╭─ DATA LISTING

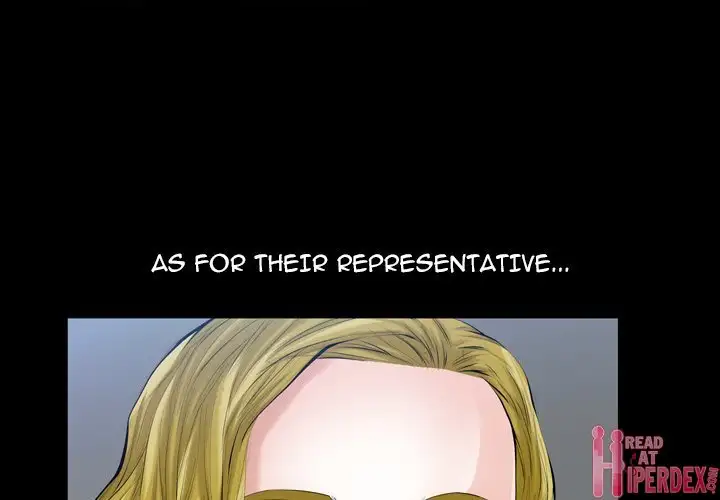 Difficult Choices chapter 14 page 1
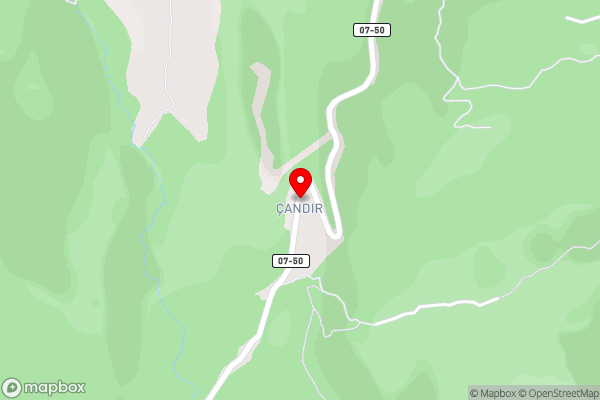 yenivadi - Hotel Location Map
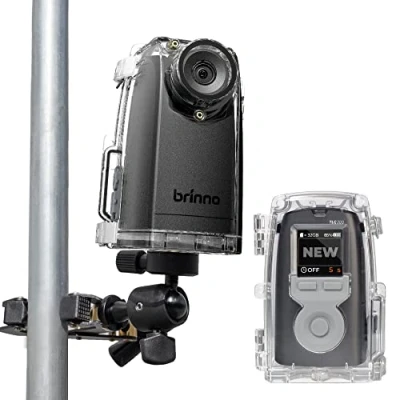 Abbildung von Brinno TLC300 Zeitrafferkamera, Työmaa Bundle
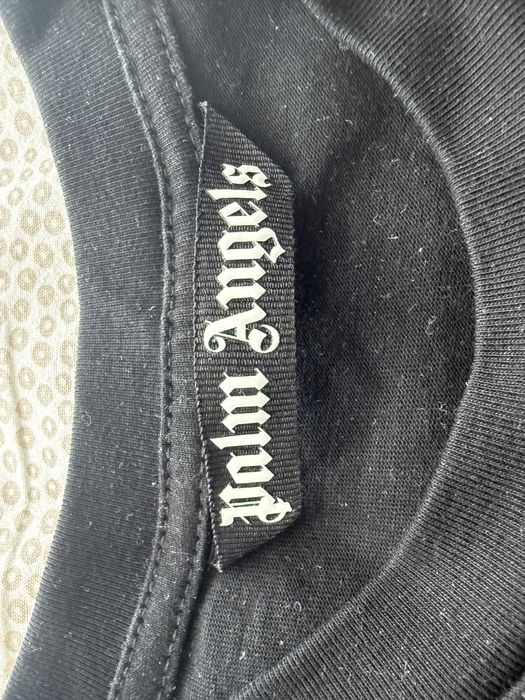 Tricou palm angels butterfly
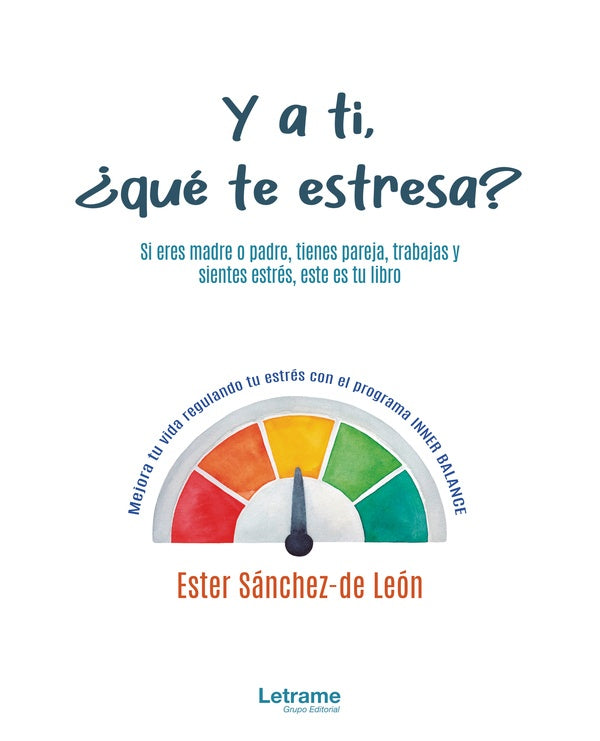 Y a ti, ?que te estresa? | Ester Sanchez-de Leon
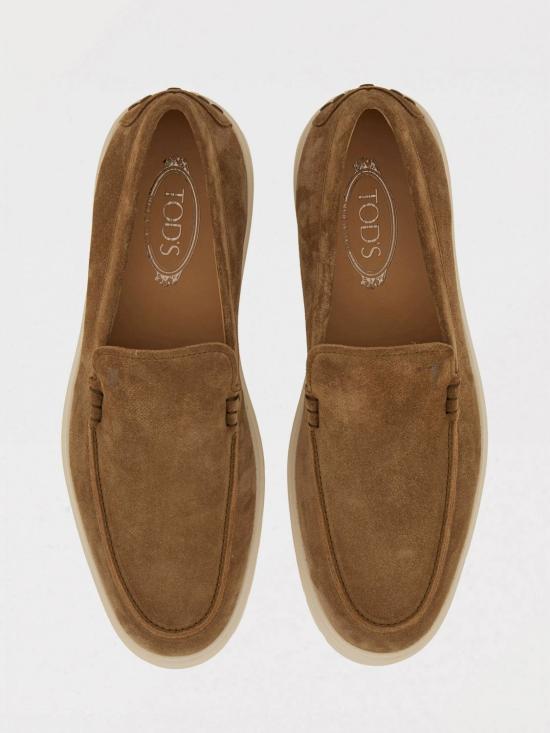 25FW 토즈 로퍼 XXM59K00040RE0 S818 Brown - TODS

╰─

> **WHAT THE TASK ASKS**
From the line that contains "Abbildung von Brinno" through the last line of the entries, transcribe every line exactly, leaving out the pictures.

> **TASK RESULT**
 Abbildung von Brinno TLC300 Zeitrafferkamera, Työmaa Bundle
 Tricou palm angels butterfly
 Y a ti, ?que te estresa? | Ester Sanchez-de Leon
 25FW 토즈 로퍼 XXM59K00040RE0 S818 Brown - TODS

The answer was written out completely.